Résumé par Stéphanie Lavigne, suivi de Morceaux choisis par Pierre Sidon

1. Résumé 

La première partie de la soirée fût consacrée à l’histoire des drogues, thème que nous n’avions pas encore abordé lors de nos conversations. Fabian Naparstek dissocie radicalement une conception du rapport ancestral qu’entretient tout sujet avec une substance psychoactive, et la pathologisation des drogues. En effet, c’est lors de la découverte du syndrome d’abstinence via le discours de la science que l’alcoolisme et de la toxicomanie apparaissent (environ 150 ans). Pour lui « le rapport des individus à la drogue est millénaire »[1], c’est sur ce premier énoncé que deux questions se dégagent : la rencontre d’un individu avec la drogue daterait–elle de l’apparition du langage ? La fonction de la drogue serait donc directement liée au parasite langagier. La deuxième question en serait une conséquence, la drogue pourrait-elle désarticuler le langage jusqu’à toucher au Nom du père ?

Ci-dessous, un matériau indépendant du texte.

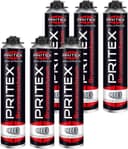 PRITEX · 1K · 6× Pack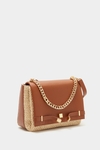 La Gran Manzana shoulder bag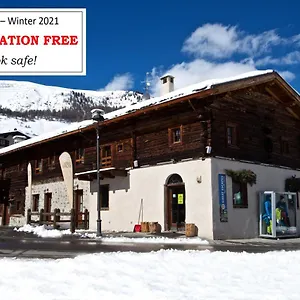 Casa Gallo - Bormolini & Livigno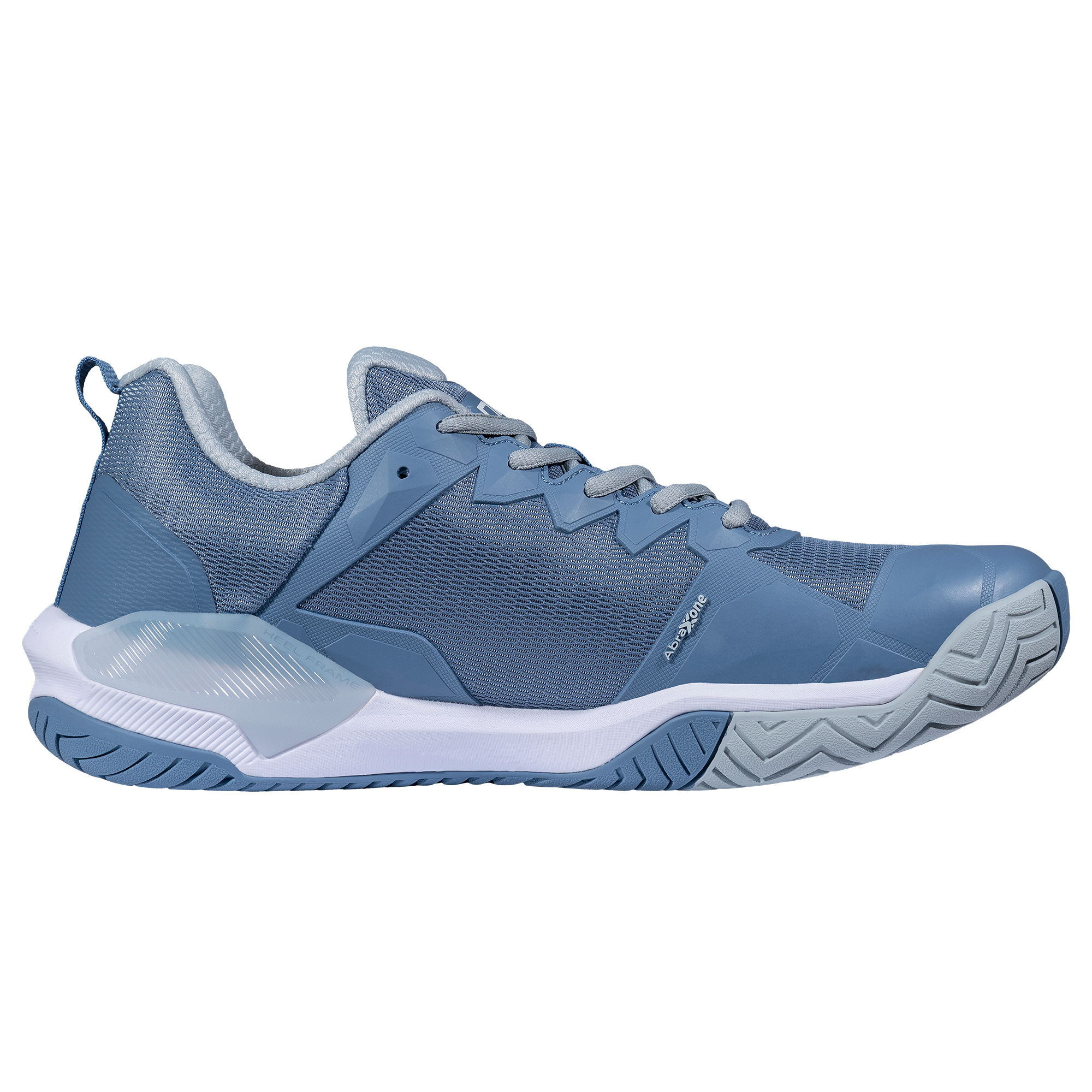 Zapatillas de Pickleball LUX HEXA Flinstone/High Rise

Nous revenons au point de vue historique pour mettre en valeur l’importance du discours de la science qui, quant à lui, lui cherche une cause précise à la toxicomanie. C’est à partir de ce point de vue que les Etats-Unis mènent une politique de répression en incluant les thérapies. L’Organisation Mondiale de la Santé (OMS), suit cette orientation et tente de définir l’usage simple d’un produit, en l’opposant aux consommations qui généreraient une grande dépendance. L’accent est mis sur la drogue consommée et non sur le sujet lui même. Il est rappelé qu’au début des études faites par les psychanalystes sur les toxicomanies, une tentative de définir « le vrai toxicomane » avait eu lieu. Cette orientation nous avait quelque peu éloigné d’une clinique au cas par cas des sujets parlants.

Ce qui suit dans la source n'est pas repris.